BTW, in "E → E + B", maybe B can be changed to T so it looks different from E. "Item" is called "Configuration" in some early papers in the 1970s.
-- oxc 10:04, 7 December 2006 (UTC)
[edit] Closure of item sets
I am not convinced that the example is entirely consistent with the given definition of closure.
In particular, in construction of the item sets the rule "S → E •" is added to Item set 3, and two others are added to complete the closure. However this rule has empty follow set, so closure as defined (as I understand) will not add a rule such as "E → E • * B" to the item set.
It is entirely possible that I have misunderstood some part of this -- if so perhaps this is an indicator that the explanation needs clearing up a little (or that I should pay attention in lectures :p ), but a comment either way by someone more knowledgable than I would be appreciated. JoeKearney 19:52, 6 April 2007 (UTC)
- With a bit more thought, I believe that what were trying to say is this:
-
If we're at the state of "S → E •" then we want (i.e. the closure includes) all rules to parse anything in the follow-set of E.
- In particular it includes rules 1 and 2: "E → E • * B" and "E → E • + B".
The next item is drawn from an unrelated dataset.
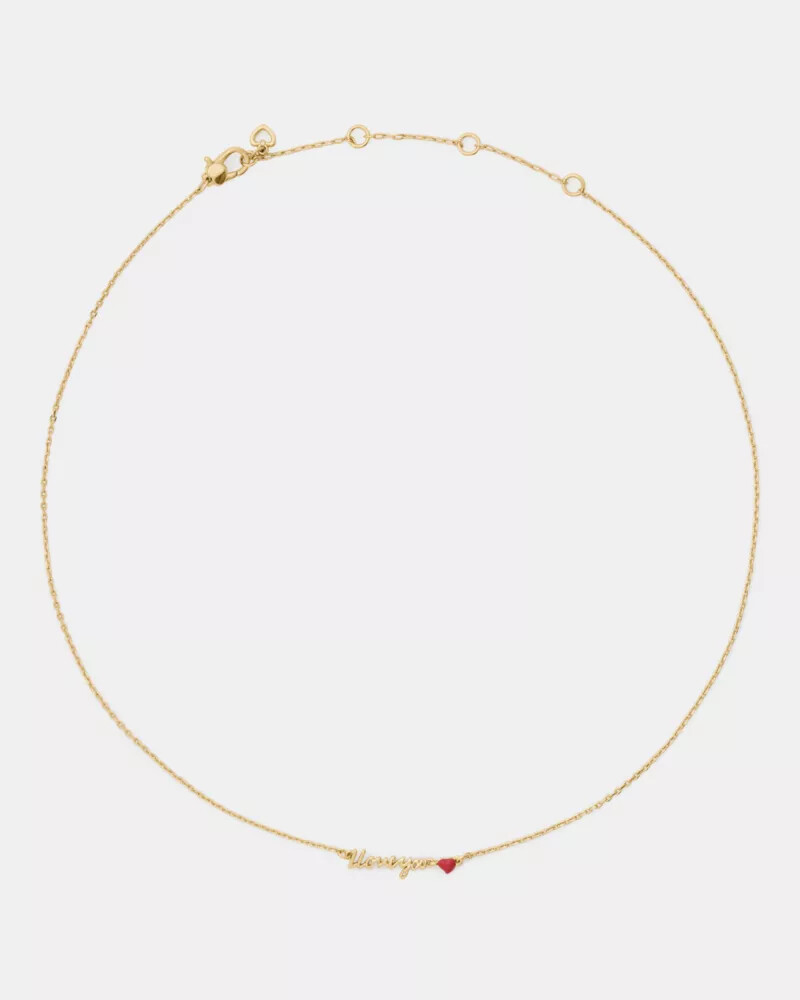 i love you pendant gold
- I believe the definition of the closure doesn't fully account for this, but I'm not certain. If I have a spark of inspiration, or (more likely) if someone would care to point one way or the other I'll edit to make this more clear. JoeKearney 20:19, 6 April 2007 (UTC)
[edit] Parser is NOT a finite state machine
The article states that "The parser is a finite state machine". This statement is false, as the parser has a stack, which means it has a potentially infinite number of states. Perhaps the parser is a Pushdown Automaton, but i am not sure enough to change it. Someone who does know for sure, please change this. 62.131.189.89 07:55, 22 May 2007 (UTC)
- I don't think your assertion is correct. A state within a state machine is a node in a directed graph that represents the progress of the finite state machine up to that point. Unless the machine has an infinite number of nodes, it is indeed a finite state machine. — Loadmaster 20:07, 11 July 2007 (UTC)
-
- No, he's right. An LR parser requires a pushdown automaton (PDA), which is a FSM plus a stack. A PDA can't be modelled by an FSM. If would need an "infinite state machine". --P3d0 22:54, 13 July 2007 (UTC)
-
-
- My take on this has always been a little different. It is true that a straightforward execution of an FSM cannot be used to recognize sentences of an LR language (except for the special case of a regular language). But the parser does use an FSM to recognize viable prefixes of right sentential forms. When a final state of this FSM has been reached, the last N symbols scanned are the handle of the right sentential form and are replaced by a new (non-terminal) symbol creating a new right sentential form (the next step in the derivation in reverse). This replacement transformation is determined by tables that have been generated for the grammar. Conceptually, the FSM is then re-executed and the newly transformed sentential form re-scanned from the beginning looking for the next handle. This scanning and transforming is repeated until the transformed input consists only of the goal symbol. If you take a closer look at what happens with two successive executions of the FSM, you realize that the restarted FSM will make the same state transitions as the prior execution until it encounters the non-terminal symbol that was just replaced for the handle detected during the prior execution of the FSM. As an efficiency, then, the entire re-scan can be avoided by remembering (by using a stack) what those state transitions had been. So an LR language can be recognized by repeated executions of an FSM with input transformation performed between the executions (which, admittedly, is an altogether different thing than a simple application of an FSM). The use of a stack can be viewed as an optimization. -- Raaronson (talk) 13:01, 13 March 2008 (UTC)
-
[edit] Recursive ascent parsing
Prefaced the description of the stack machine with a remark about the alternative, functional, recursive ascent, view on LR parsing, and added a corresponding reference 81.5.0.80 18:45, 11 July 2007 (UTC).